Of course, movies that appear very different can actually share the same plot structure. However, this is less evidence of plagiarism and more evidence of patterns in storytelling that are as old as storytelling itself. There are certain narrative rhythms and character dynamics that have been proven to satisfyingly scratch an itch in the human brain, and Hollywood has whittled them down to a set of finely-tuned formulas. There’s the classic hero’s journey (“Star Wars,” “Back to the Future,” “Harry Potter,” and a few million others). There’s the Syd Field Paradigm. There’s Michael Hauge’s six-stage plot structure. And if you’re feeling funky, there’s Freytag’s Pyramid.
Beneath these overarching structures lie countless familiar storytelling tropes. One of the “Frisco” script pages in the document is a scene that begins with one character entering and another character asking them, “What are you doing here?” — a screenwriting cliché so common that it was a running gag on “BoJack Horseman.”

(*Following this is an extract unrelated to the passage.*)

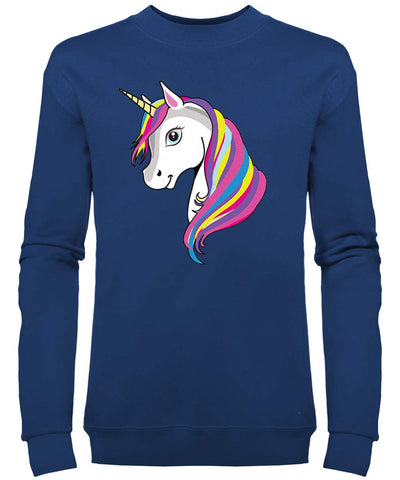 Girls Unicorn Sweatshirt Slim Fit - Navy Blue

Thanks to this shared language of storytelling you could pick pretty much any two screenplays at random, grab a highlighter, and find a wealth of similarities on the same level as a symbolic billboard and a symbolic bottle of cognac. Try it with “The Sound of Music” and “Ace Ventura: Pet Detective,” both of which begin with characters feeling discomfited by the main character’s chaotic behavior. How do you solve a problem like Ventura?